LEON BYNER:  Simon Birmingham, the deal’s done; the Greens are cracking the Champagne.
SIMON BIRMINGHAM: Indeed they are, Leon. The Greens were in the Chamber just a few minutes ago when the carbon tax passed. They are like the cat that got the cream and of course they have done so at the expense of every traditional principle the Labor Party really has ever held dear to itself and they should stand condemned and of course Julia Gillard, who promised Australians at the last election that there would be no carbon tax under a government she leads, should stand very much condemned for backflipping on that promise, not in a courageous act as some have described it, Leon, but just as a naked grab for power because she had to do this deal with the Greens.
LEON BYNER:  So, we’ve got the carbon tax that’ll come in in July and your government’s [sic] saying if you get into government you’ll repeal it?

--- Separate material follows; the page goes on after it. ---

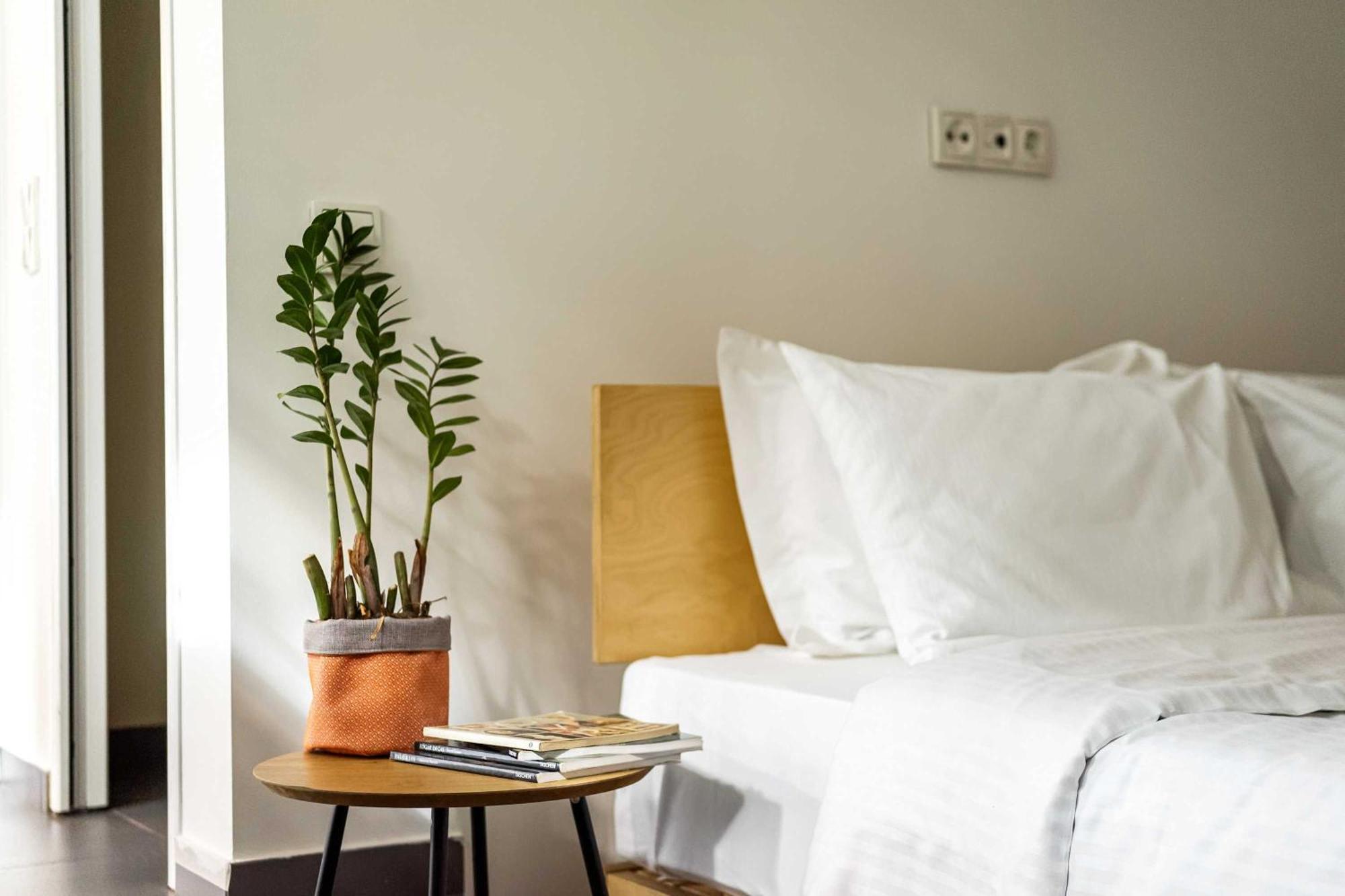 אתונה Gazi Urban Residence מראה חיצוני תמונה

SIMON BIRMINGHAM: This is bad policy – it’s bad policy today, Leon; it’ll be bad policy next year or whenever the election is held and we will work to repeal it. We believe that a policy that doesn’t actually reduce emissions in Australia – and that’s a key point for everyone to remember – but, as you just highlighted, outsources responsibility to the rest of the world will see Australian companies spending around $3 billion in 2020 and more than $50 billion by 2050 – all of those in today’s dollar terms – on purchasing international permits is just a ridiculous policy. It imposes unreasonable costs on every Australian household, every Australian small business, big business, industry etc, 10 per cent power price increases minimum from next year. Senator Xenophon and the Coalition worked together to try to at least minimise the potential for those 10 per cent power prices [increases] to blow out to 20 per cent increases but were again blocked by Labor and the Greens.